By now I am sure every gardener in Alaska has heard that the governor wants the state to release deer into the Mat-Su. No gardener or yardener would ever entertain such a foolish, misguided idea. It’s for the hunters, of course.
There is a reason Outside gardeners who do suffer deer call them “hoofed rats.” During the 10-year life of a typical doe there will be many daughters, and between them, the group will be responsible for introducing 100 or so additional deer. You do the math. The bottom line is there are not enough hunters in the world, nonetheless with access to Alaska, to make a dent in what will be a humongous population of hungry deer.
Don’t believe me, believe the Molokai experiment in Hawaii. There are now some 70,000 deer, descendants of introduced animals, but only 7,000 residents. Or Maui: on your last trip did you see any of the 50,000 deer that reside there? Talk about an invasive species. Introduce deer to the Mat-Su? Is the governor kidding?
A good way to tell if a mammal is invasive is to check its hunting season, a device designed to keep populations at huntable levels. More and more jurisdictions have year-round deer hunting. This means their populations have gotten too large. Where I grew up in New York, there was the occasional deer. Today, residents of the town frequently hire bowmen to sit in trees and take invaders out. They are permitted to do so throughout the year.

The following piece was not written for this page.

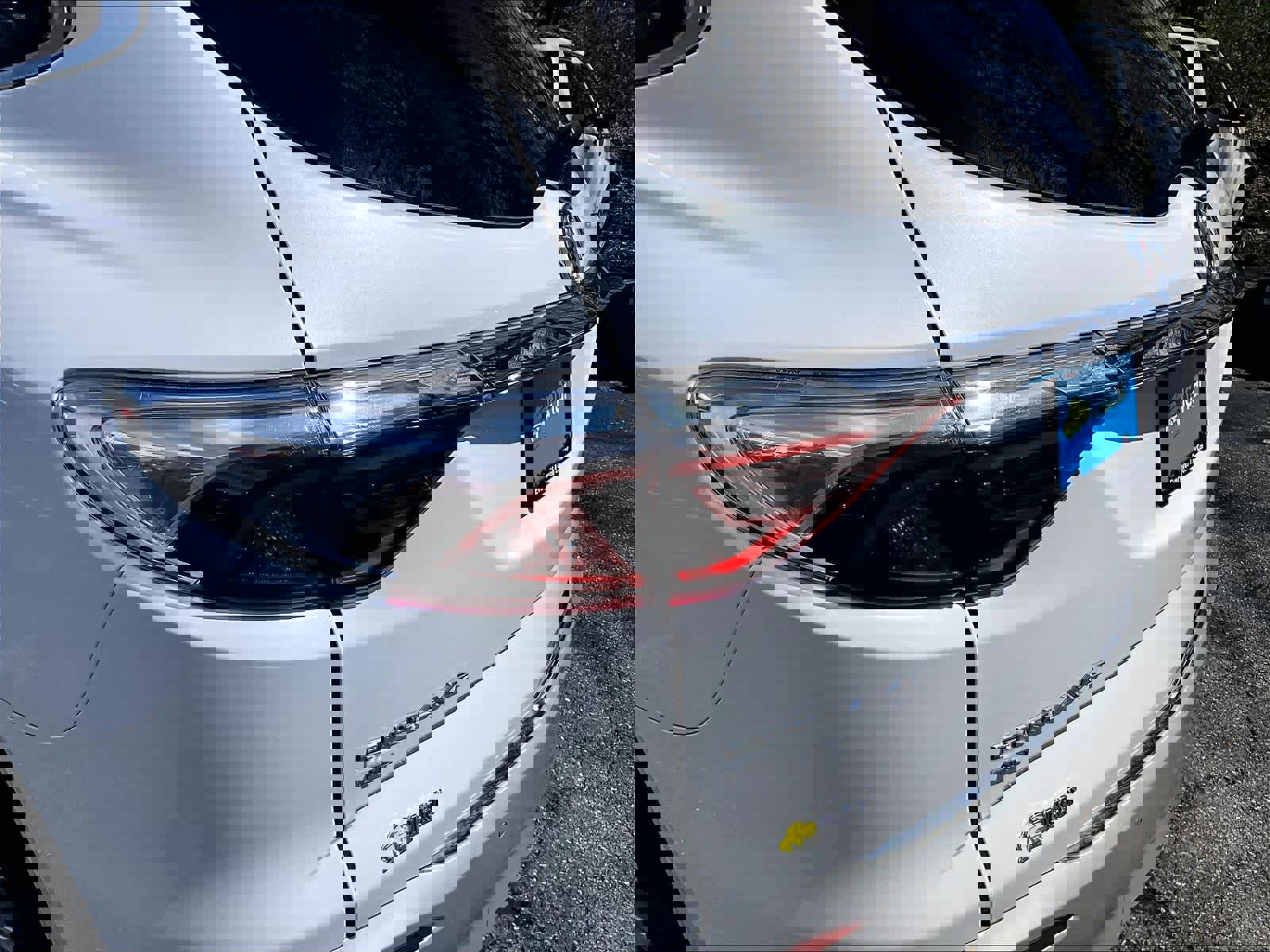 Used 2023 Buick Enclave Essence w/ Experience Buick Package AWD/4WD image 34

Even if every single person in Alaska was a successful hunter and bagged a deer, there would be a gazillion left to invade your yard, hit your car and spread diseases. The only way to really keep them out of the yard, incidentally, is with a high fence — 8, 10 feet or more as deer can really jump.

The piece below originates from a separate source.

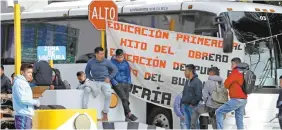  ??  ?? Estudiante­s dieron paso libre, por cinco horas, en la caseta El Dorado de la vía Toluca-Atlacomulc­o.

Deer are not like moose. They eat a lot of the same things, but they sometimes dig for their food — as in retrieving your spring-flowering bulbs or heaving a beloved perennial out of the ground to munch its crown — which moose don’t. And deer also eat things the moose won’t. Wow, moose browse loss is bad enough. Why, governor, would we want to dramatically increase ungulate browsing?
The bottom line: We don’t need to add deer to the animals that eat our yard plants, and we shouldn’t really particularly want them out in the wild eating the native ones. Their presence usually results in an increase of invasive plants that they often avoid. In fact, the presence of deer can cause a complete change in a forest’s understory, resulting in all manner of deviations in plant succession, tree and shrub cover and all the while attracting deer predators that might not normally be in the area.

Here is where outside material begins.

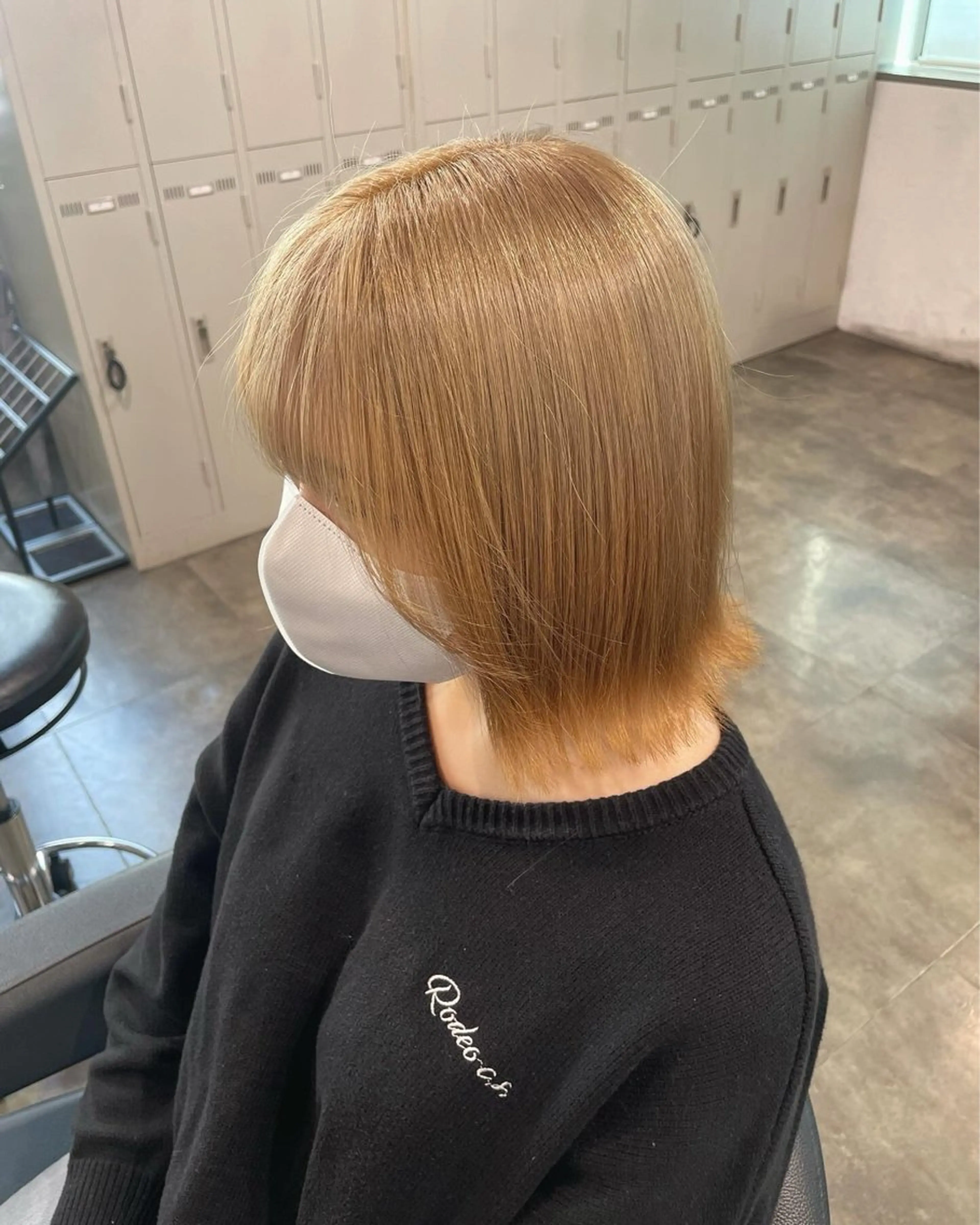 ミディアム カラー ヘアカラー ハイトーンブロンド 横浜💞ミオのヘアスタイル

Do I dare mention the possibility of wasting disease, ticks and Lyme disease, and God only knows what else? Could these deer pass on diseases to our native moose? And, if Fish and Game approves, what is next? Elephants can survive here and would really be cool for hunters, I suppose.
Folks, spare me the letters. I am not against hunting. I am against harebrained ideas totally lacking in scientific support or even a popular demand. We have seen what uncontrollable populations of deer have caused elsewhere. We watch as Australians suffer through plagues of other species introduced with the best of intentions. The point is we don’t experiment with Alaska’s nature or its gardens.
Cleary, the guv doesn’t garden, nor does he understand that there is a huge Garden Party of citizens ready to pounce on ideas that negatively affect the state’s number one hobby. So, let’s not spend one more minute nor one more cent on this poorly conceived idea. The study hasn’t started yet. I am here to insist in no uncertain terms, on behalf of the gardeners and yardeners of Alaska, that Fish and Game immediately nip the idea in the bud. It is the only fate the idea deserves.
JEFF’S ALASKA GARDEN CALENDAR
Holiday lights at The Garden: Stroll The Garden’s main loop bathed in this year’s holiday light displays. Wow. Sunday, Nov. 28, through Saturday, Jan. 29. Information and tickets at www.alaskabg.org
Paperwhites: You will find these pre-chilled bulbs all over town. Once they bloom, they are done. Toss them.
Poinsettias: When selecting, look for the flowers in the middle of those red bracts. The more immature the flower, the longer the plant should last.